Stadın içersinde bulunduğu arazinin tamamının çevresi üzeri tel örgülü 4-5 mt yüksekliğinde taş duvar ile çevriliydi. Duvarla çevrili arazinin içersindeki stada, Recep Peker Caddesi tarafındaki şimdiki numaralı tribün girişinin olduğu yerde bulunan kapıdan girilmekte idi. Bu kapıda bulunan gişelerden bilet alınarak önce araziye girilir, daha sonra hangi tribünün bileti alınmışsa o tribüne bilet gösterilerek girilirdi. Sahadaki kalelerin biri Recep Peker Caddesinin bulunduğu deniz tarafında, diğeri ise Taşköprü Caddesinin bulunduğu demiryolu tarafında idi. Ahşap olan kapalı tribün Kurbağalıdere tarafında, büyük açık tribün kapalının karşısında okul tarafında,  küçük açık tribün demiryolu tarafındaki kalenin arkasında bulunurdu. Stada girilen taraftaki kale arkasında tribün bulunmaz oraya duhuliye denilirdi. Anlaşıldığı gibi statla araziyi çevreleyen duvar arasında boş alanlar bulunurdu. Açık tribünün okulla arasında kalan alan oldukça büyük olduğu için orada bizler mahalle maçları yapardık.
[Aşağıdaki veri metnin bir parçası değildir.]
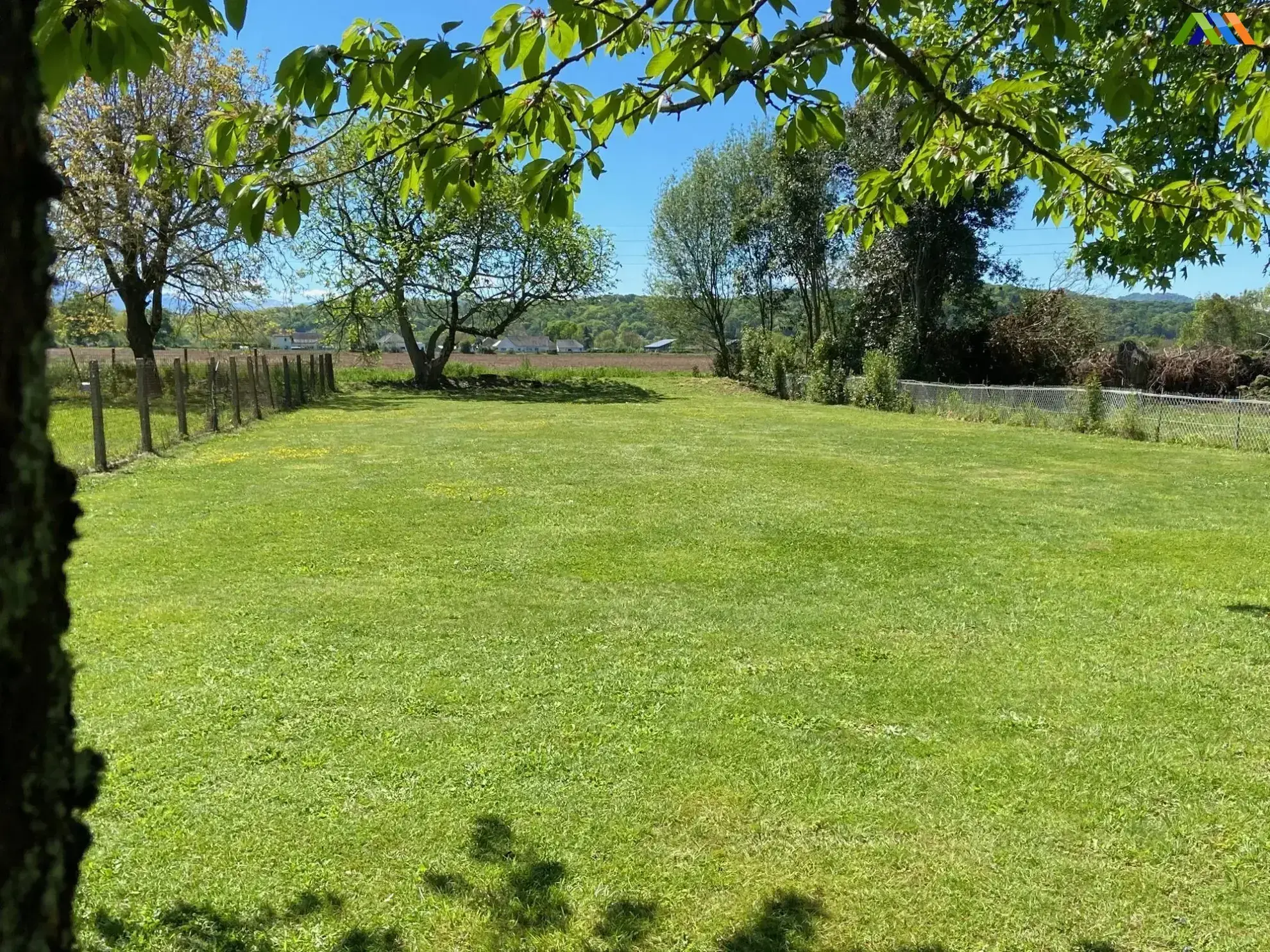 Terrain constructible avec vue sur les Pyrénées à Oloron-Sainte-Marie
Statta, Fenerbahçe Salı ve Perşembe günleri antrenman yapardı. Burada resmi maç oynamaz, özel maçlarını, özellikle sezon öncesi hazırlık maçlarını oynardı. Fenerbahçe Stadında daha çok amatör küme, genç takım ve okul maçları oynanırdı. Bir de 23 Nisan, 19 Mayıs törenleri yapılırdı. Kapalı tribünün altında soyunma odaları, orta üst tarafında 1mt lik ahşap bir korkulukla ayrılmış şeref tribünü yer alırdı. Şeref tribününün üst bölümünde camekân arkasında tüm kupalar vs nin de sergilendiği kulüp mekânı bulunurdu. Gündüzleri stadın kapısı açık olduğundan herkes rahatlıkla içeri girebilirdi.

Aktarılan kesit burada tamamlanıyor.